In today's puzzle, we are given a data file that represents a batch of passports to validate. I think the hardest part of the solution you'll see is that there are only so many synonyms for "validation," so it can get a little wordy. Let's start!
As usual, the first step is to handle data validation. The input file contains a list of passports, where a passport is
a set of key-value pairs that are separated by colons. A passport may take up one or more lines, and each passport is
separated by a blank line. As I mentioned in a previous article, I'm going to create separate functions for
parse-input
and parse-passport
, where the former breaks up the input file into each unparsed passport, and the
latter parses the passport itself. This also makes testing with the REPL easier.
For parse-input
, the tricky part is dealing with the variable number of lines. There's probably a simpler solution,
but I'm not too upset with my function. Let's go through it line by line.

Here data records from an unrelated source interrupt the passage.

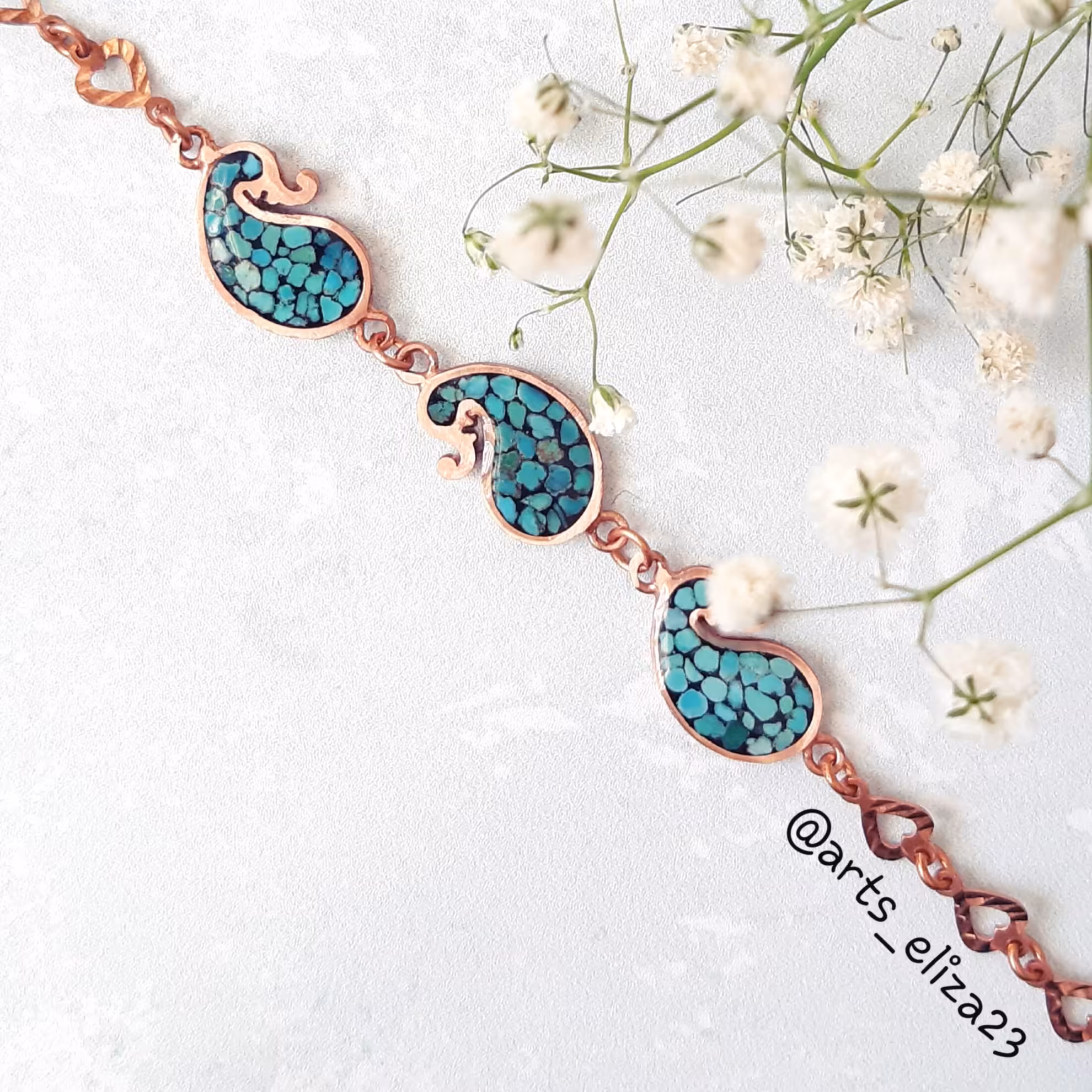 دستبند فیروزه کوبی شده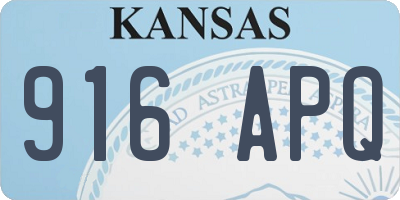 KS license plate 916APQ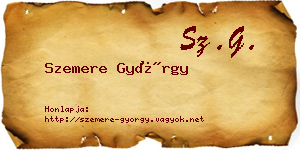 Szemere György névjegykártya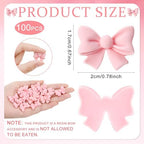 100 Pcs Pink Bowknot Cupcake Toppers Glitter Pink Bow Cake Picks Bridal Engagement Wedding Princess Cupcake Toppers for Birthday Party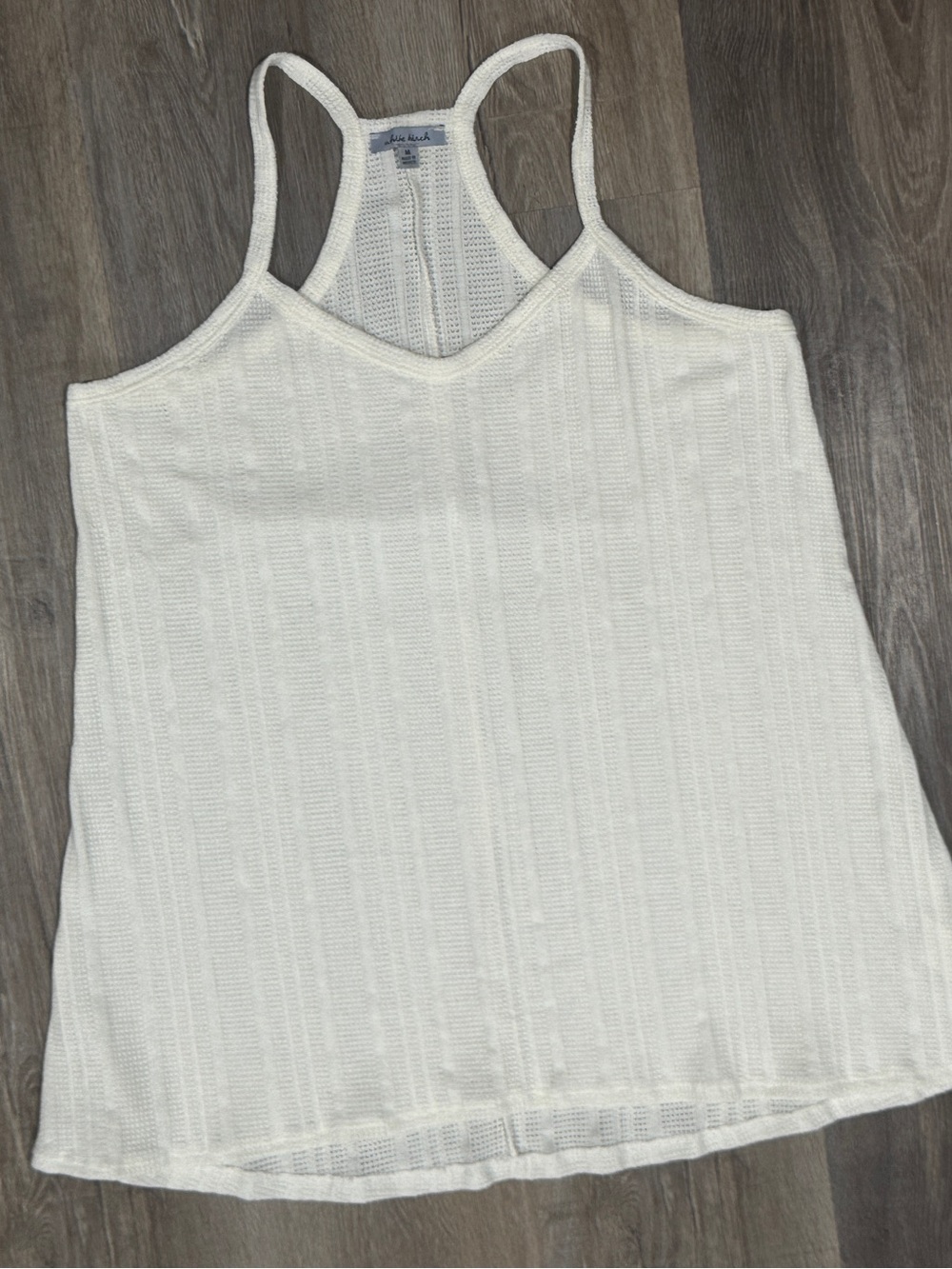 white birch White Knit Racerback Tank Top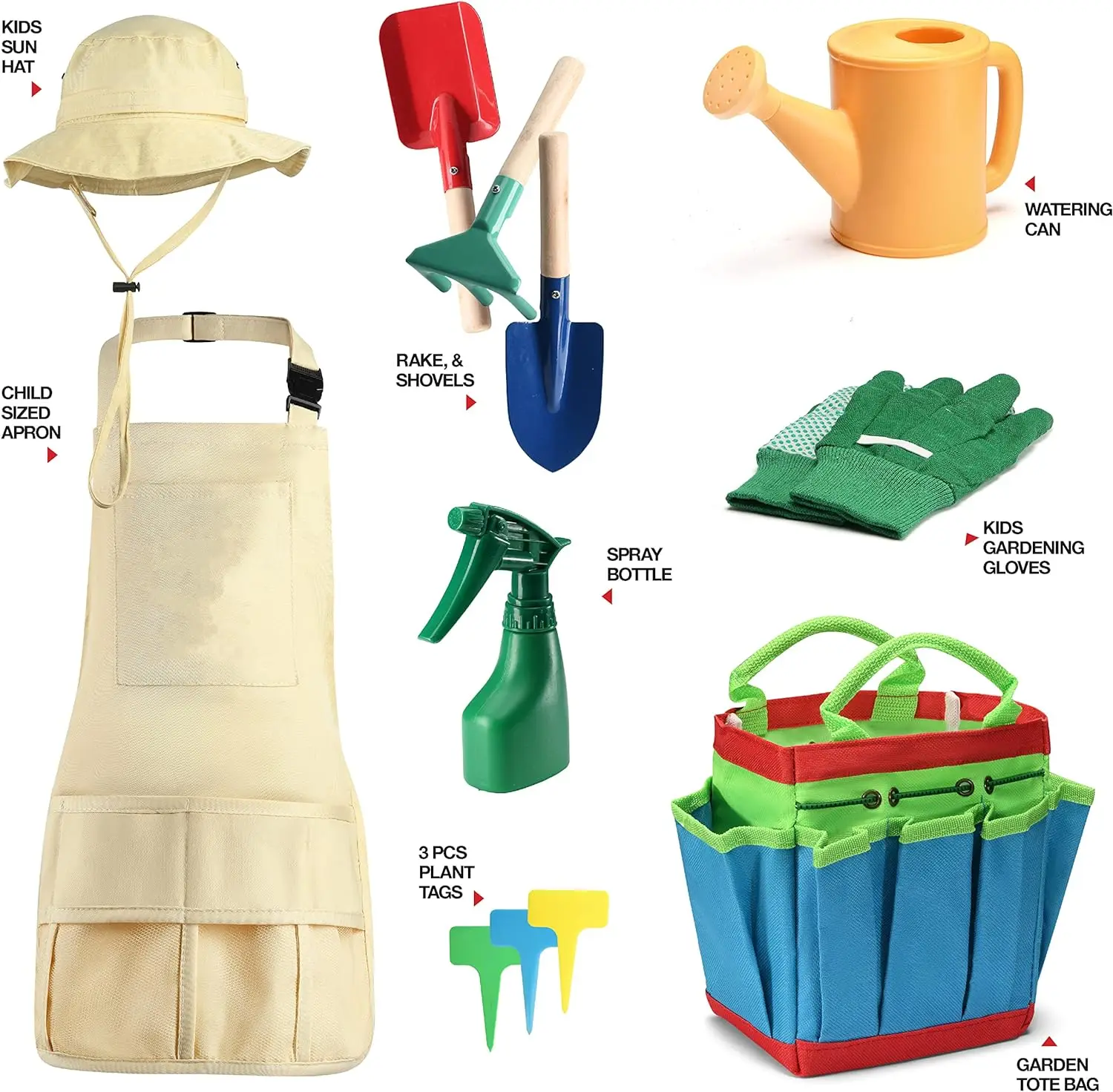 Kids Garden Tools Set Hand and Equipment Kit with Apron Gloves Shovel Fork Rake Mini Toy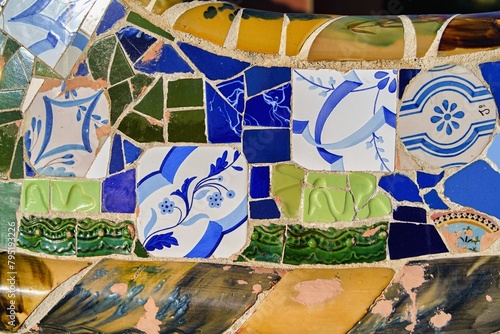 Canvas Print Detail of a colorful mosaic on a bench in Güell Park, Barcelona, Spain, Europe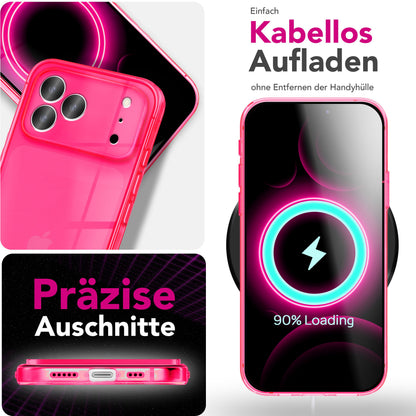 NALIA Neon Silikonhülle für iPhone 17 Pro Max – Knallige Signal-Farbe & Linsenschutz – VIBE (Transparentes Case) – Marke aus Berlin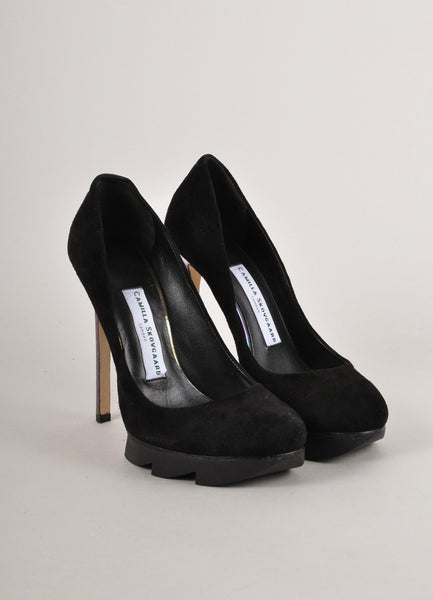 Black Suede Metallic Mirror Stiletto Pumps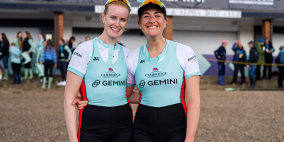Two rowers in blue kit
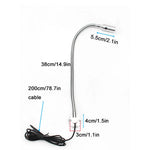 lampe flexible industrielle led noir argent interrupteur câble usb moderne travail réparation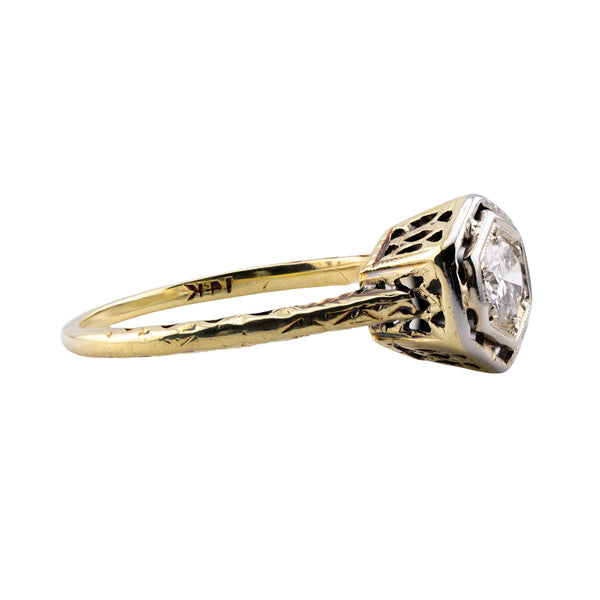 Art Deco 0.30ct Diamond Solitaire Engagement Ring in 14K Yellow Gold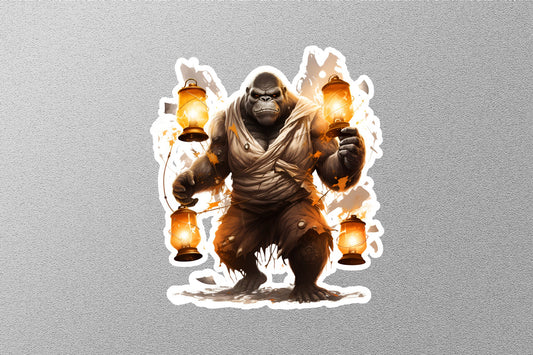 Gorilla Warrior Halloween Sticker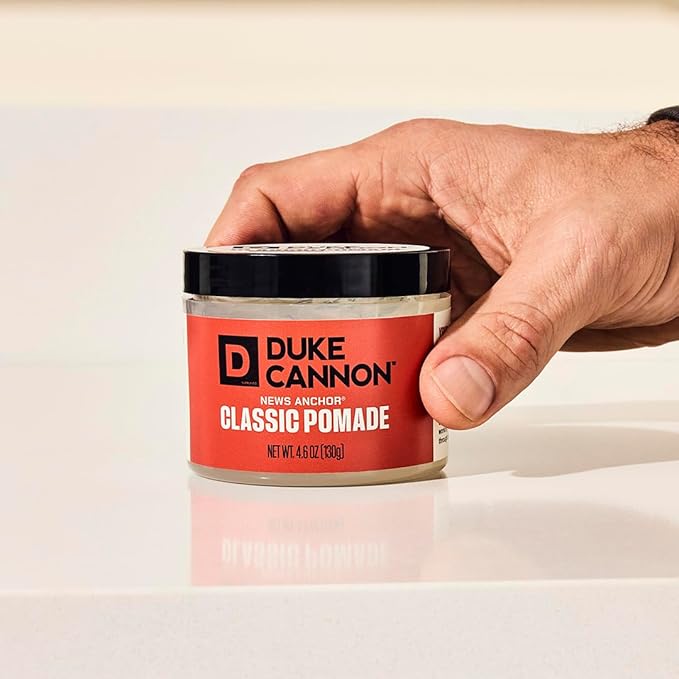 Duke Cannon Supply Co. Flexible – 4.6 oz – Strong Hold, No Shine, Water-Based for Easy Washout, Adds Texture & Volume for Shorter Hairstyles (News Anchor Classic Pomade)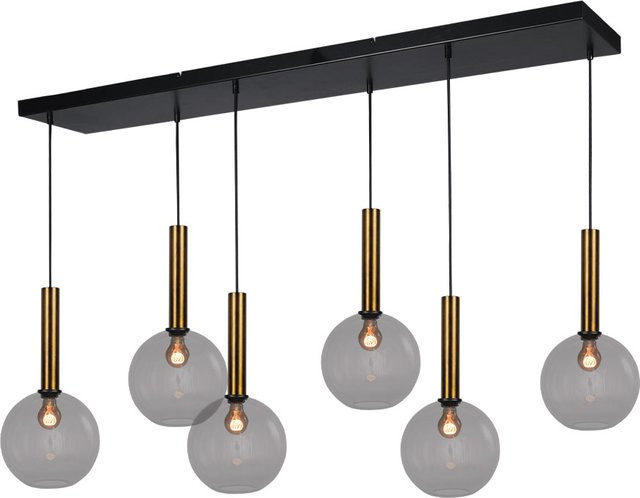 Masterlight Bella 2 Pendelleuchte 6-flammig in Rauchgrau und Messing antik mit Glas-Elementen - Bild 1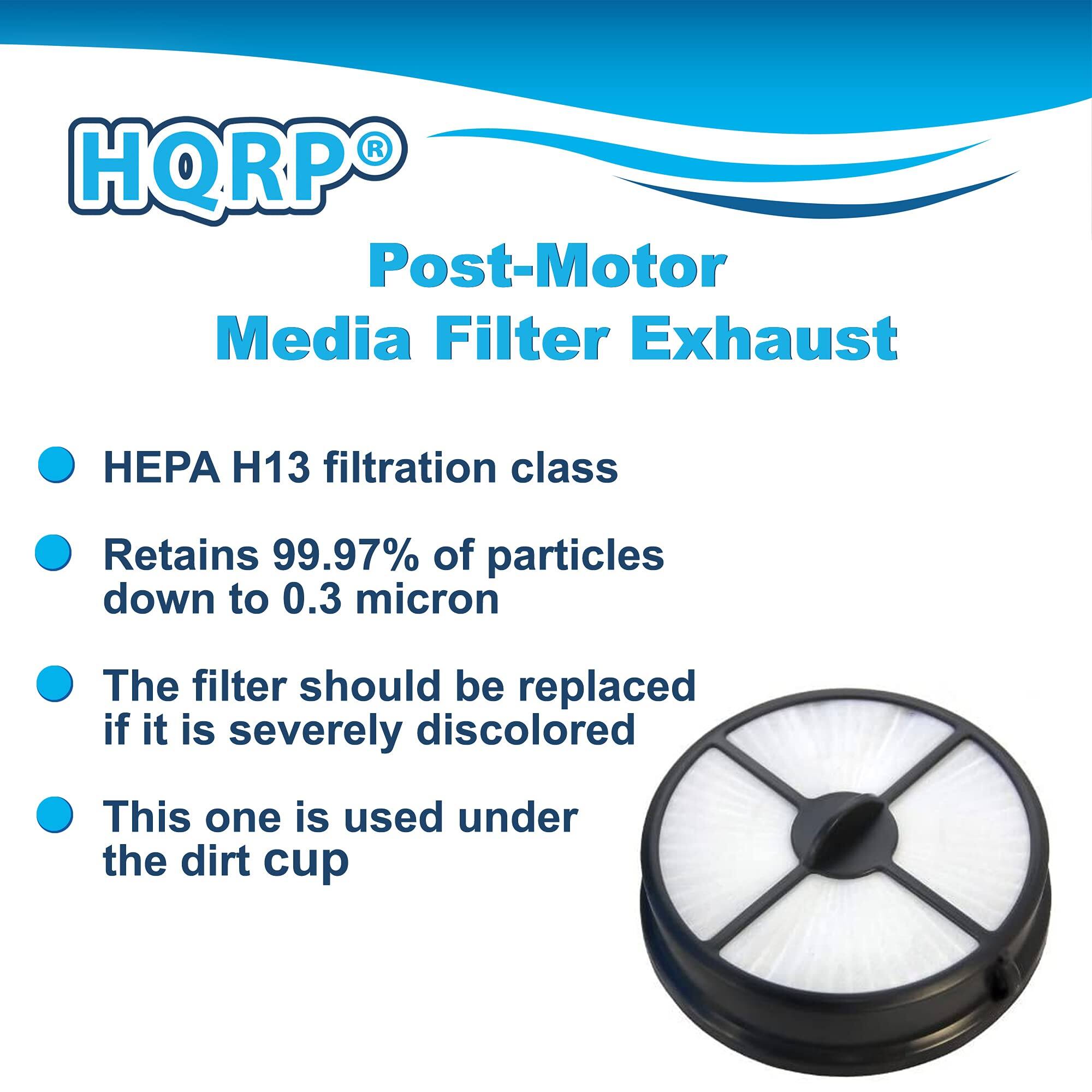 HQRP® Post-Motor Media Filter Exhaust

- HEPA H13 filtration class
- Retains 99.97% of particles down to 0.3 micron
- The filter should be replaced if it is severely discolored
- This one is used under the dirt cup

NOTE: The description below of parse-input
and parse-passport
will work and was my solution, but I've since
found a simpler solution. My source code now shows the new functions. See the "Revisions" section at the bottom of this
document for details. So either skip these next two functions, or read them and then see how they changed below.
- Split the input into each line, so we get a sequence of strings. The shape of the result will be
("a" "b" "c" "" "d" "e" "")
. - Use
partition-by
to create groupings of lines, separated by the empty lines.partition-by
takes in a sequence and returns a sequence of sequences that are broken apart based on the predicate. In this case, my predicate is#(str/blank? %)
, which means to group together all lines until we reach an empty line; then start a new group. The shape of the result will be(("a" "b" "c") ("") ("d" "e") (""))
. - Now we need to get rid of the empty groups, since we don't need them. A simple filter should work, and
(filter #(not= % '("")))
does the trick. Note that we need to filter out groups with a single blank string, rather than filtering out blank strings themselves, so(filter #(not (str/empty? %)))
is incorrect. The shape of the result will be(("a" "b" "c") ("d" "e"))
. - To finish the initial parsing, we want each passport's data to be represented as a single line, since the passport
parser shouldn't care how many lines the input originally used.
(map #(str/join " " %))
works well here, as we join all strings into a single large string, adding in an empty string to avoid accidentally joining the last key-value pair from one line with the first pair from the next. The shape of the result is a nice clean("a b c" "d e")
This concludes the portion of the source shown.